"Life was so difficult then, but I kept my focus and my mother was a source of motivation, always encouraging me to keep up the good work I was doing."
"My name is Robert Kofi Ghartey, born on January 15, 1982 in Ghana's coastal area. I come from a loving family comprising my mum and dad, an elder sister and brother, and four younger siblings. Unfortunately my dad passed away after struggling with some strange illness for about ten years. He left us in dire economic conditions because all properties were sold trying to bring him back to life. A year later, my elder sister also died from a similar ailment.
"I had a desire to continue formal education, but as a result of my father dying I had to drop out of school. I joined my elder brother who was carving drums because I felt I needed to do something with my life now that I was out of school. My brother was glad to teach me and I learned very fast.

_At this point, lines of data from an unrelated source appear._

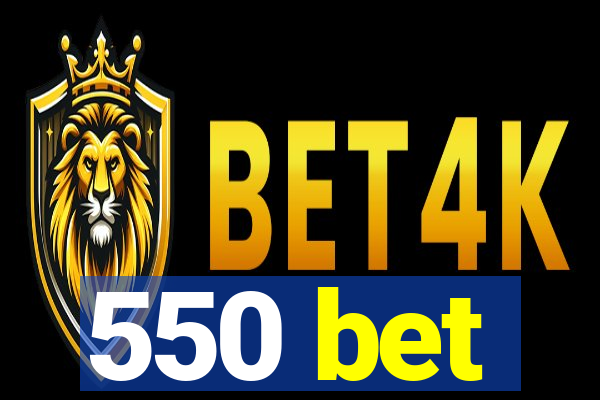 550 bet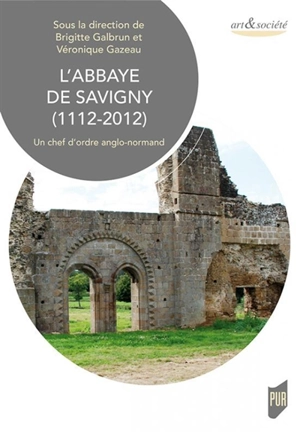 L'abbaye de Savigny (1112-2012) : un chef d'ordre anglo-normand : actes du colloque international de Cerisy-la-Salle, 3-6 octobre 2012 - Centre culturel international (Cerisy-la-Salle, Manche). Colloque (2012)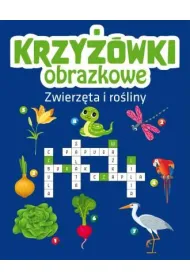 Krzy��wki obrazkowe. Zwierz�ta i ro�liny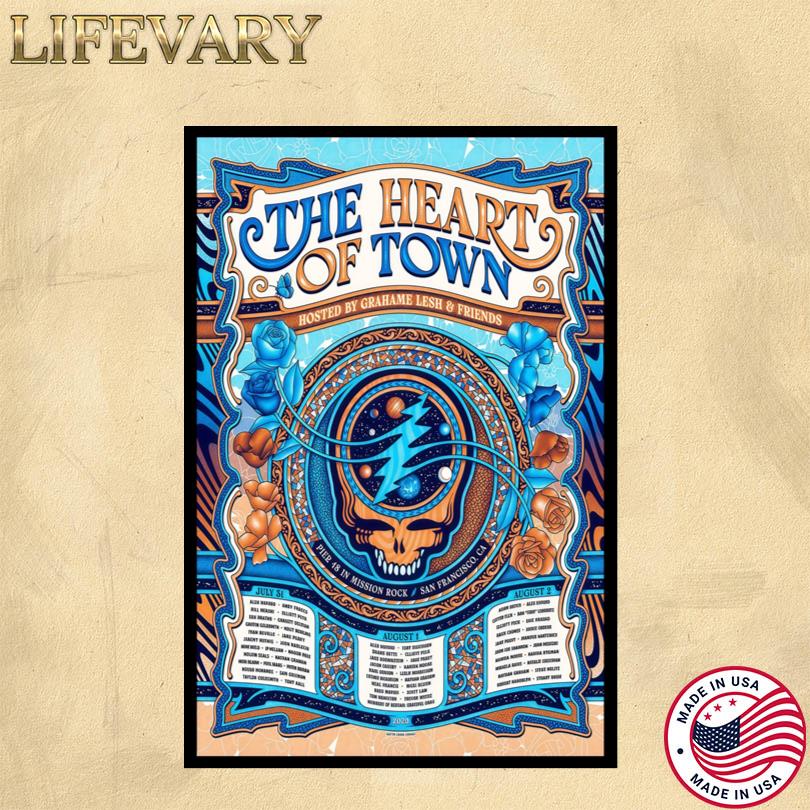 The Heart Of Town 2025 Tour Poster Pier 48 SF July 31 - August 2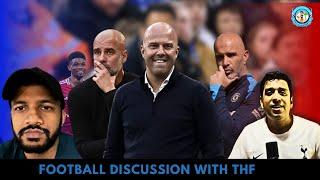 Football discussion with @TheHouseofFootballTHF  | United | City | Arsenal | Chelsea and Liverpool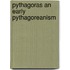 Pythagoras an early pythagoreanism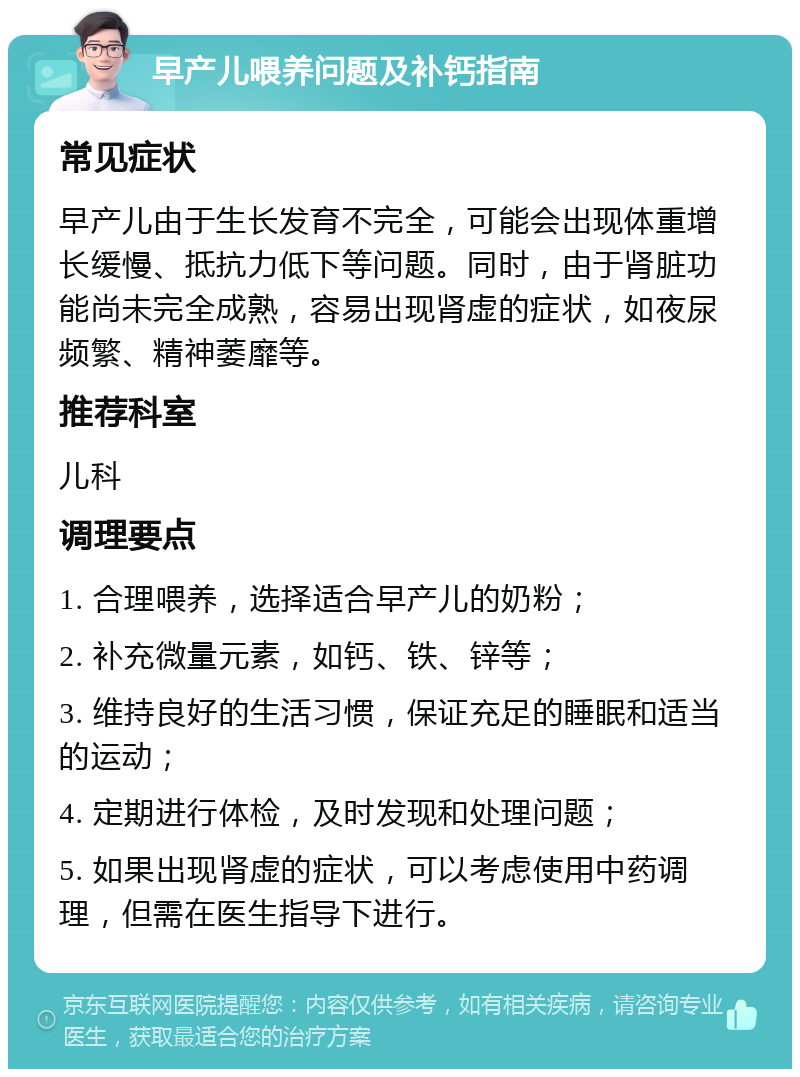 早产儿喂养问题及补钙指南 常见症状 早产儿由于生长发育不完全，可能会出现体重增长缓慢、抵抗力低下等问题。同时，由于肾脏功能尚未完全成熟，容易出现肾虚的症状，如夜尿频繁、精神萎靡等。 推荐科室 儿科 调理要点 1. 合理喂养，选择适合早产儿的奶粉； 2. 补充微量元素，如钙、铁、锌等； 3. 维持良好的生活习惯，保证充足的睡眠和适当的运动； 4. 定期进行体检，及时发现和处理问题； 5. 如果出现肾虚的症状，可以考虑使用中药调理，但需在医生指导下进行。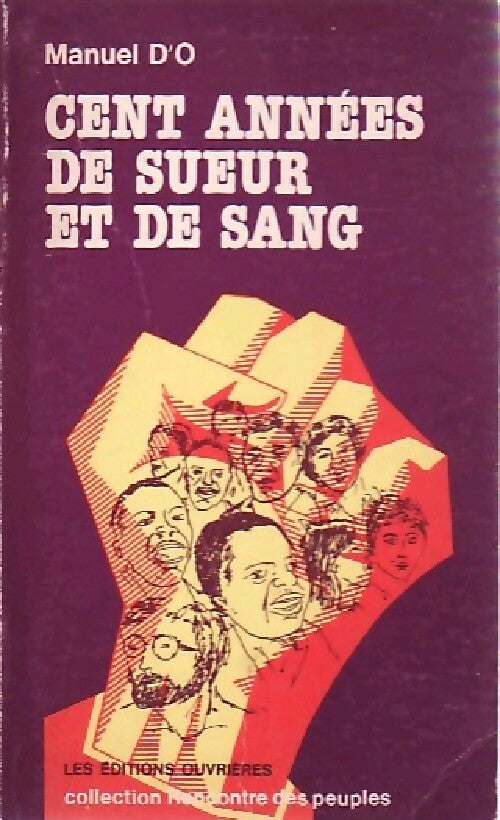 Cent années de sueur et de sang - Manuel D O - Livre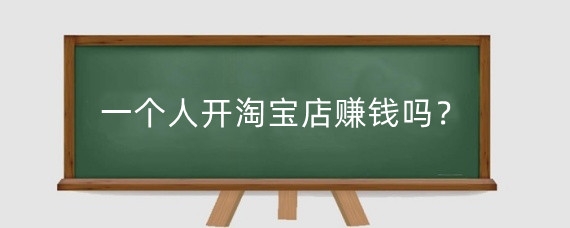 一个人开淘宝店赚钱吗?一个人开淘宝店怎么运营?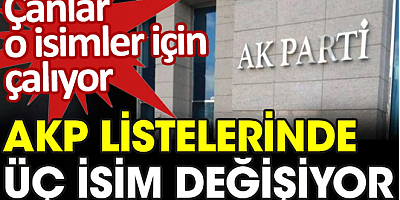 AKP listelerinde üç isim değişiyor. Çanlar o isimler için çalıyor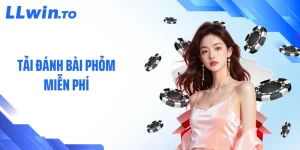 Tải Đánh Bài Phỏm Miễn Phí - Trải Nghiệm Nhanh, Chơi Mượt 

I could be of help to him at his workshop, including going to get the raw materials. My interest in carving developed. Soon I was crafting beautiful drums and I continued to improve my style and technique.
"The positive comments that I received from customers inspired me to work more. I was keeping the profit I made on each drum and I used part of it to put my younger siblings back into school, since they also had to drop out when father died. This was a major step I had taken and I knew I had to work extra hard in order to keep my siblings in school. My mother would be able to take care of their feeding and personal up-keeping. However, the rate of sales was slow and so, at one point, my brother left carving and moved into another trade.
"Carving was all I had, and so I had to make it work and my younger siblings were also looking up to me. I used to send some of the drums to the art centre to display in a friend's shop. Life was so difficult then, but I kept my focus and my mother was a source of motivation, always encouraging me to keep up the good work I was doing. My siblings were performing well at school, so I knew my effort was not in vain.
"To describe my process, the djembe shell is carved from a tweneboa wood trunk, then we take the dimension of the shell to weld the three metal rings that we use to fix the goat hide. We cover the metal rings with a cloth to avoid rusting. Then we weave the pegs on one metal ring and lace it with the rope. After, we sandpaper the carved shell to give it a smooth surface, and then we design the desired scene to carve on the shell. We leave it out in the sun to dry, then we polish it and put it back outside for about 20 minutes. Meanwhile, the hide will be soaked in clean water for about 40 mins to an hour, to allow for flexibility to stretch on one metal ring and place it on the shell and support it with the other ring featuring the pegs. After that we pull it half way to support the skin and dress it, apply shea butter underneath to avoid cracking and leave it out in the sun for a minimum of four days, depending on the weather.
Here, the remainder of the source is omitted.